Colorado playwright explores cultural conflicts of immigration, religion

Niwot-based playwright Don Fried.
Niwot-based playwright Don Fried.
The May 12 immigration raid at the Agriprocessors kosher meatpacking plant in Postville, Iowa changed the lives of many people. Immigrants were detained, criminally convicted and subsequently deported. Some immigrants were sent back into the community with ankle tracking devices but left with few options to materially provide for themselves or their children. Still others face criminal prosecution.

It’s a story that’s been difficult to ignore and one that has drawn a worldwide audience. It seems odd, then, that a man who has charged himself with writing a theatrical production based on the events in Postville would have spent the last seven months, as he put it, “with his head in the sand.”

“I see this as being a microcosm of other things that are going on in the country and the world,” said Don Fried, an accomplished Colorado-based playwright and author.

Fried first heard of Postville several years ago, courtesy of a BBC interview with Stephen Bloom, a University of Iowa journalism professor and author of “Postville: A Clash of Cultures in Heartland America,” published in 2000. Fried, who had worked internationally for roughly 30 years as an information technology expert, was in Zurich when he heard the interview and immediately wrote the basics down in his idea file.

After hearing Bloom talk about the book and the community of Postville, Fried said he knew the story offered several avenues for dramatic possibilities because of the cultural conflicts brewing in the community between the Hasidic Jews who founded a kosher meatpacking plant there, the immigrant workers who came to work at the plant and the native Iowa residents.
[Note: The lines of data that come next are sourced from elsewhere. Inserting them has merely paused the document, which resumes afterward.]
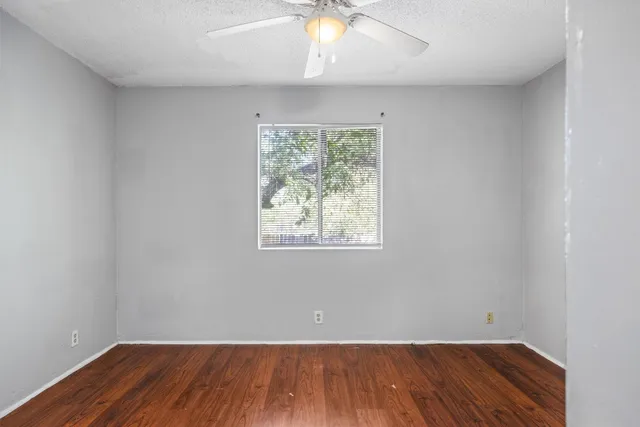 an empty room with wooden floor chandelier fan and windows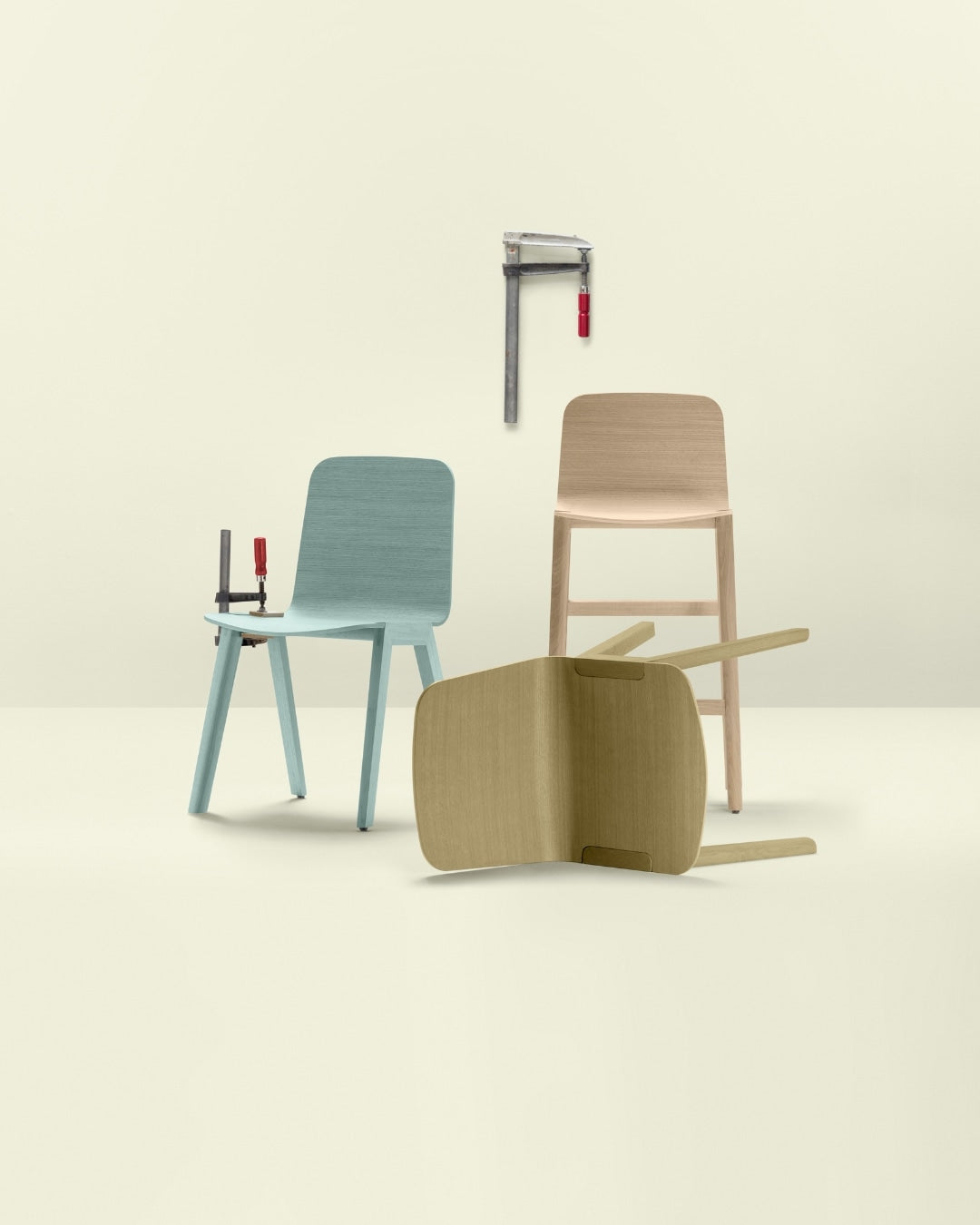 Trois chaises en bois aux teintes naturelles et pastel mises en scène avec un serre-joint et un outil mural sur fond clair.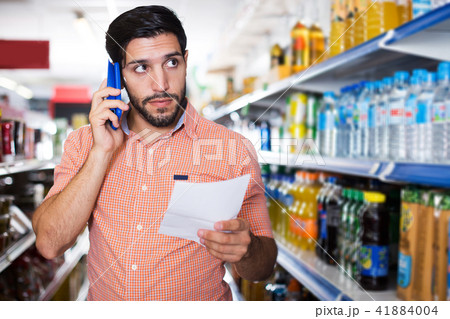 man is choosing mineral water 41884004
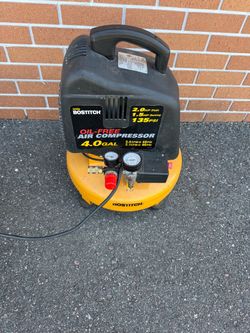 Bostitch 4-Gallon Oil-Free Pancake Air Compressor featuring a 2.0 peak HP motor and a maximum pressure rating of 135
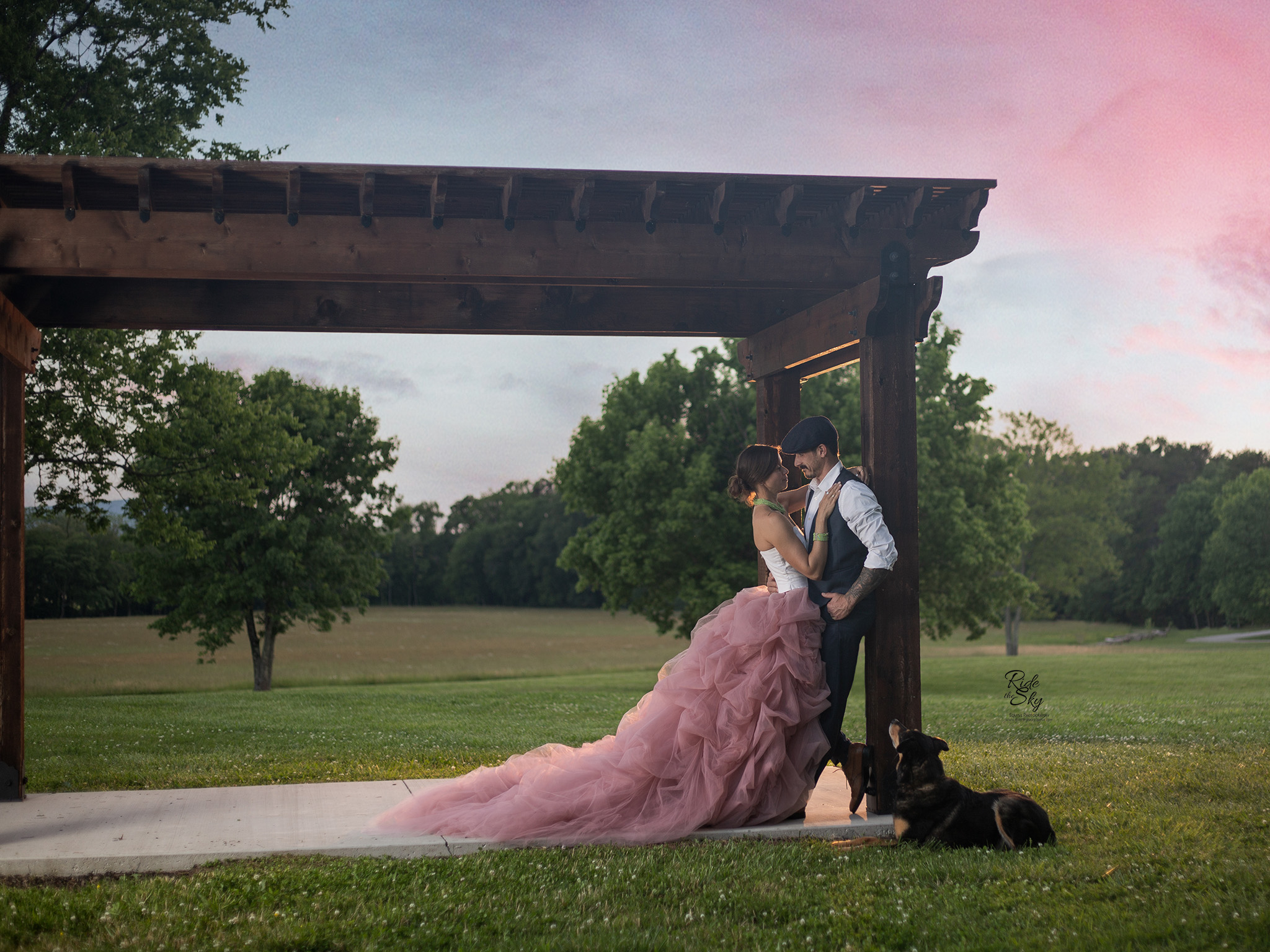 Woman in fancy dress leaning into man in suit who is leaning on pavilion at Kensignton Cove Farm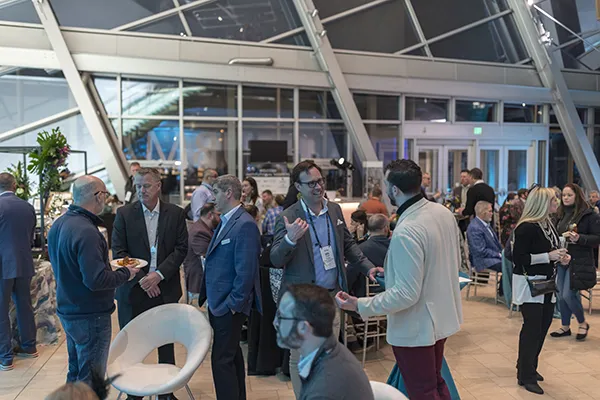 Group of people networking and chatting at By Design networking event.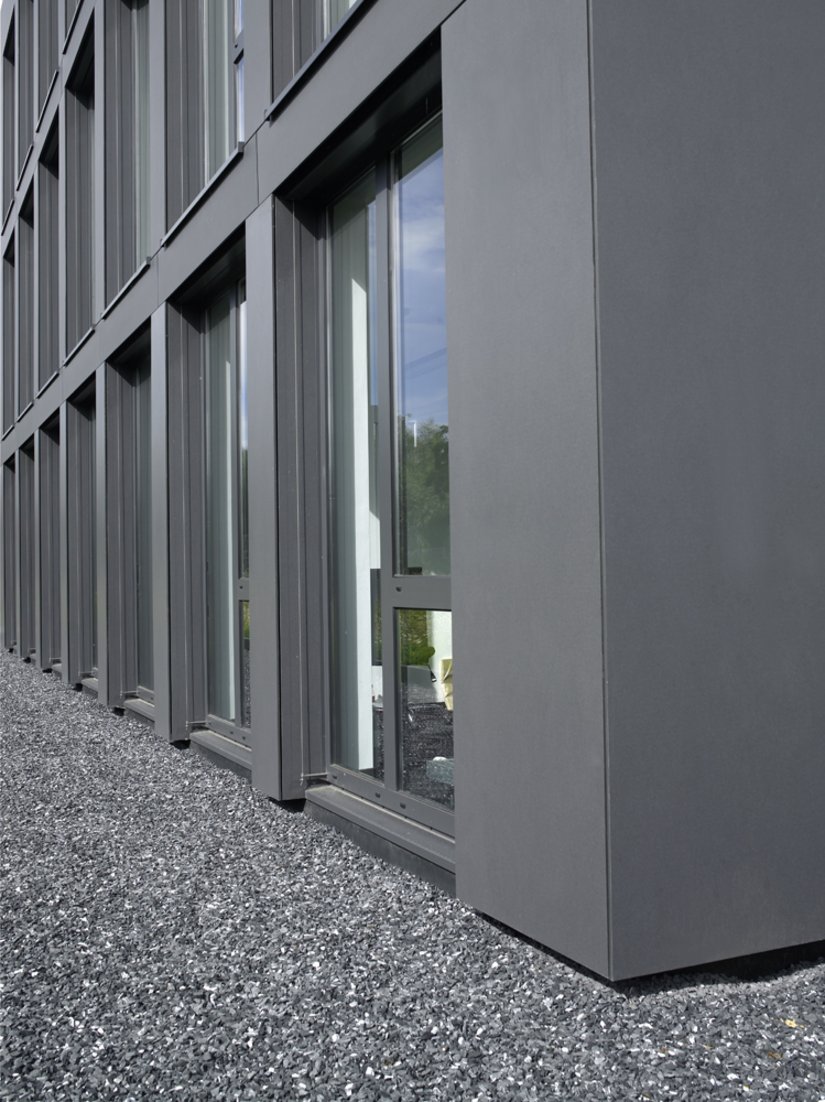 <p>Die natürlich grauen Kieselsteine vor dem Bürogebäude runden das einheitliche Erscheinungsbild im Übergang zur Außenwelt ab.</p>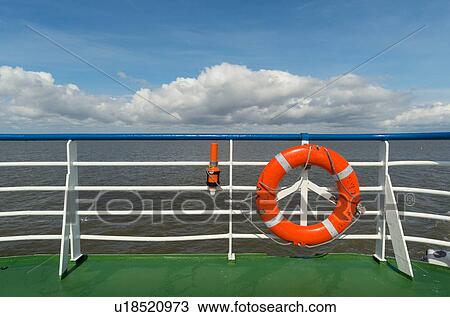 Stock Image - Lifebuoy and radio beacon on ferry, Waddenzee, Friesland, Netherlands. Fotosearch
When he retired in September 2006 and embarked on a new career in the arts, he went back to school at the University of Colorado and began re-visiting the ideas he had filed away.

A resident of Niwot, Colorado, Fried he has had four of his plays in production in the first 24 months of his writing career. Two more are scheduled for 2009. His play, “Shakespeare Incorporated,” was selected as one of three finalists in the 2009 Rocky Mountain Theatre Association Festival Playwriting Competition and was also selected as one of the winners of Paragon Theater’s Trench New Play Development Competition. He’s also the co-author of “Ups & Downs: The (Mis)Adventures of a Crusty Old Fart and His Bouncy Son As They Trek Through the Alps.”

Although Fried began discussions with Bloom for the theatrical rights to the Postville book some time prior to the immigration raid, the two were in final negotiations when the event occurred. Fried was left with a monumental decision: Should he somehow incorporate the most recent events in Postville into the play he was writing, or should he ignore them entirely?

“As I was preparing for the first reading, I decided I couldn’t bury my head in the sand any longer and that I’d have to come to a decision,” he said. “How could I include what was going on and have it strengthen my theme instead of changing everything I’ve already done?

“I had consciously chosen to ignore the raid and its aftermath — fines, arrests, the meatpacking company going into receivership, and general uproar. But in the seven months since the raid, there has been ongoing news coverage, and I was becoming increasingly concerned that my play was being hijacked. People would expect to see the raid and its implications addressed.”

Fried, who has just finished the first half of the work and has given a first reading, said the overriding theme of his play is that change is an inextricable facet of life.

“What I wanted the play to be about is change,” he said. “Change is inevitable. Change hurts. People, often when they are in pain, react in ways that often turn out to be not the right way, but often there is nobody at fault. If you can learn to live [with change], you’ll learn to reach a new position where things are different, but you’ll get over it.”

Fried is currently toying with the idea of having one of the play’s discontented locals, a character who has not been happy about Jewish people coming to town and building a kosher meatpacking plant there, tip off the federal authorities and spark the immigration raid.

“But then, as the town starts to crater, that person and all the others begin to wonder what has been done — they’ve killed the goose that laid the golden egg,” he said. “My son, who is also playwright, said that this should be the third act. The Hasidim, who have been very isolationist all along, are now presented with a catalyst that shows them they have to deal more with the world.”

One thing Fried does not want the play to be is a tragedy. To keep the play from going that route, he thinks the Hasidim and the residents of Postville will reach some sort of an agreement where they are “not kissing each other on the lips” but have moved to a new position that is livable.

Regardless of how the play ultimately ends, Fried is hopeful a theater company in Iowa or a neighboring state will be interested in producing it.

“Of course, I’ll shop the play anywhere where there is a company that wants to put it on,” he said. “But I was thinking there might be interest in and around that area. It would be a good fit, as long as I could get people to understand that this is a fictional account. It’s no more about what actually happened than ‘The Cruicible’ is about what actually happened in the Salem witch trials.”